それを捌くのがあんた達が塔に登って居る間に暇な私ってワケ、とリリアーナは言う。彼女だって、ただ待っているだけではないのだ。本来の受付業務から離れても二人のサポートはせねばならない。


「パーティに専属ギルド員が付くと朝一に張り出される新規の依頼から良さげなモノを持ってくるのだって出来る。だからそういうパーティの朝は普通のパーティより早い。ま、今日は初回だしアンタ達も初心者だから定番のしか持って来てないけど」


そう言うと、リリアーナはいくつかの依頼書をテーブルの上に並べた。どれも第2階層での採取の依頼だ。依頼金も高くもなく、安くもない。初心者に回ってくる依頼は安い依頼金が常のようだが、リリアーナはその中から条件の良い依頼を取って来てくれたのだろう。
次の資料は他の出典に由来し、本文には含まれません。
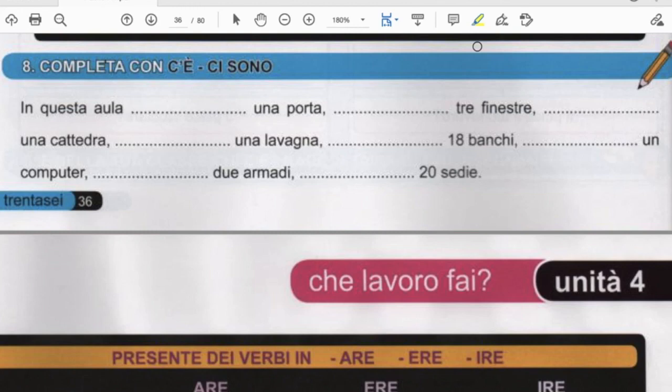All right guys, let's go to this quick exercise on c'è and ci sono, so there is, there are. Of course, that naturally depends on the following noun, so let's go ahead and complete.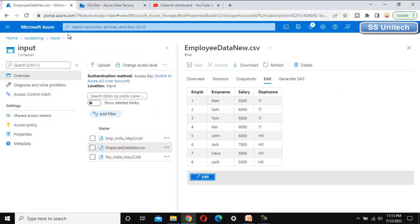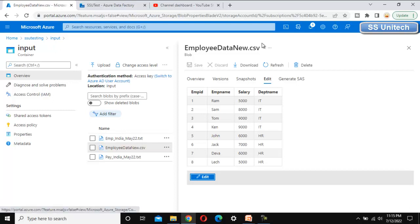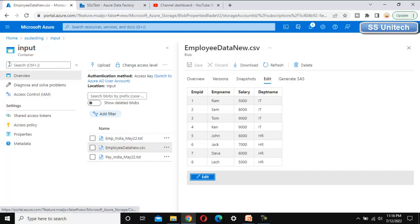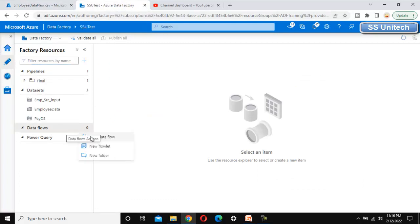Go to Azure Data Factory and we'll try to implement this in practice. Here we have a file which is the employee data file, and it has a total of four columns under the input folder. Our requirement is to load the data from this file from the input folder to the output folder of this blob storage. So let me add a new data flow here.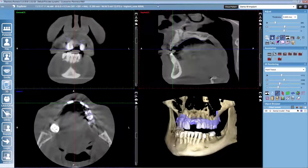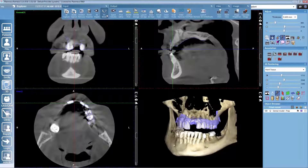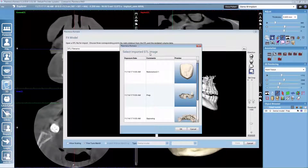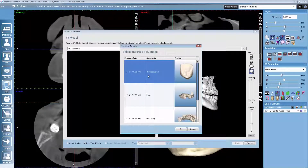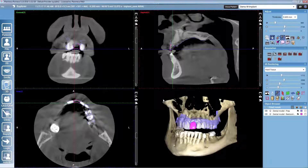After that, if we have also made a restoration design already, we can match that to the volume as well with the same fit model tool. Romexis notices that this crown has been designed on top of the already matched intraoral scan, so the crown will drop automatically to the correct place.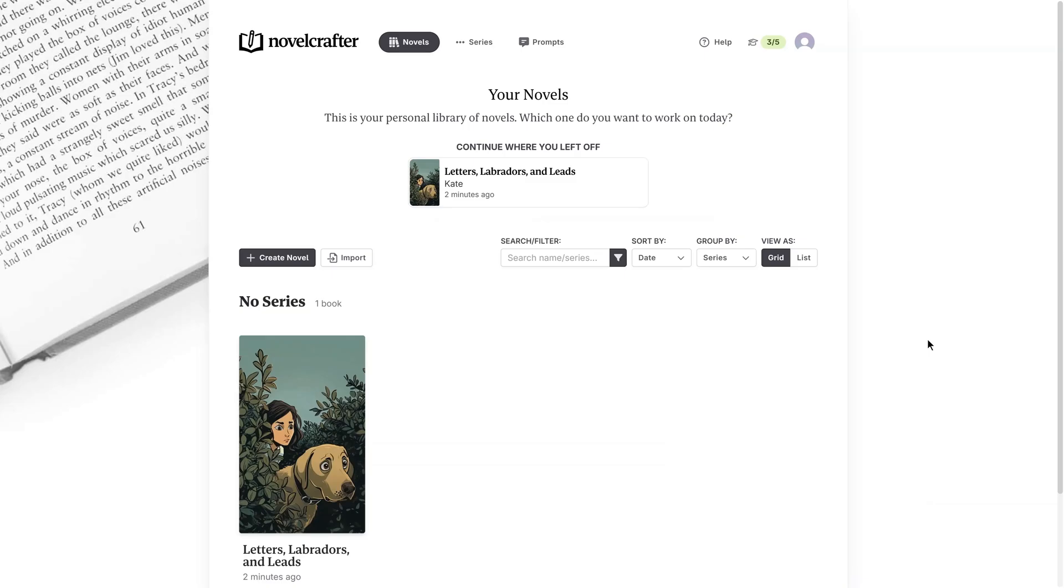When I start a new story, my ideas are often scattered. I might have a thought for a world, a character, or just a single premise. Soon, my phone and notebooks are filled with notes, and it all gets a little bit messy.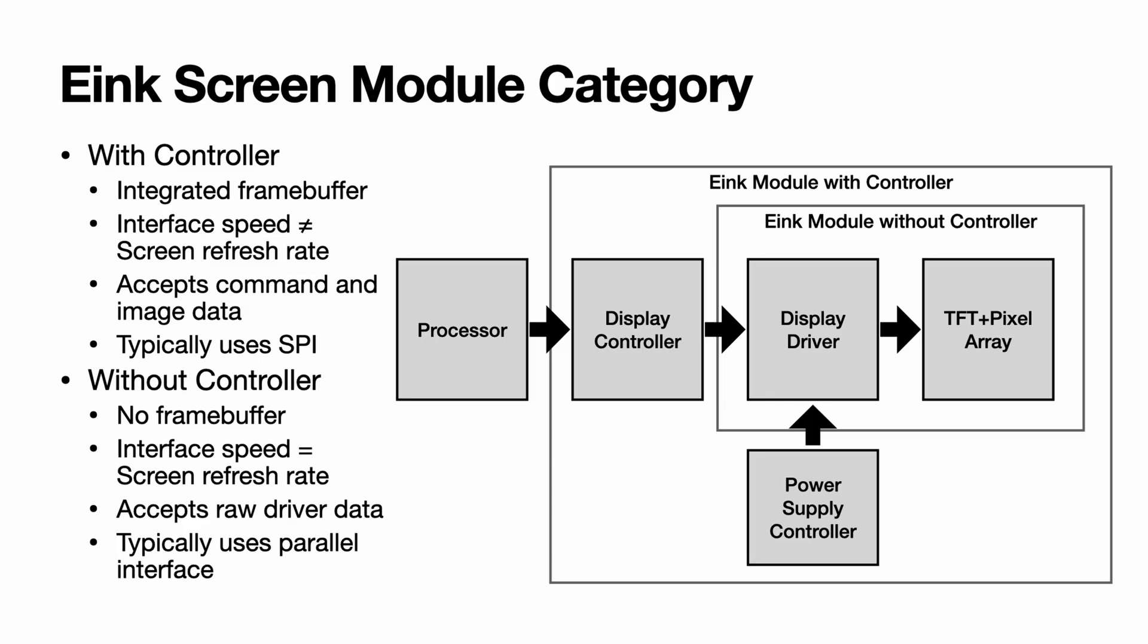But for screens without controller, it doesn't have internal buffer, so the processor or an external display controller has to send an image at the screen refresh rate consistently, usually over a parallel bus.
「良い依頼ばかりだと思います。ありがとうございますねリリアーナさん」

「不承不承ながらだけど仕事はキッチリやるよ。ま、せめて私をやる気にさせるように頑張ってちょうだい」

「ん、まぁやるだけやるだけだよ。な、アイリス?」

「えぇ、そうですねアルさん」


アイリスは頷きながら一つの依頼を拾い上げる。


「鉄鉱石の5個の納品。依頼金も良し。これがいいですね」

「なんだ?全部いかねぇのか?」

「前衛の貴方がバックパックどころか雑嚢すら背負わないのに荷物はあまり増やせませんよ」

「むぅ......それを言われると何も言えん」

「それが一番よ。まだ行けるは愚か者がやる事。欲張りは人を殺す。私の査定に響くんだから死なないで欲しいところね」

「最後の一言さえなければ良かったのに...」


朝食を摂り終え、準備を整えた二人はリリアーナに連れられて塔の北門にやってきた。


「はい、移動の水晶玉。設定は済ませてあるから魔力を少し込めれば起動して第2階層に行ける。依頼ぐらいはこなして帰ってきてよ」

「りょーかい。って魔力込めるってどうすんだ?」

「じゃあ私が代わりにやりますよ。ではリリアーナさん。行ってきます」


アルフレッドの代わりに水晶玉に魔力を込めるアイリス。その姿は一瞬歪み、そして掻き消えた。


「...せめて至高神の加護があることぐらい祈っとく」


二人が消えた箇所を見つめながら、リリアーナはぽつりと呟き、ギルドへと戻って行った。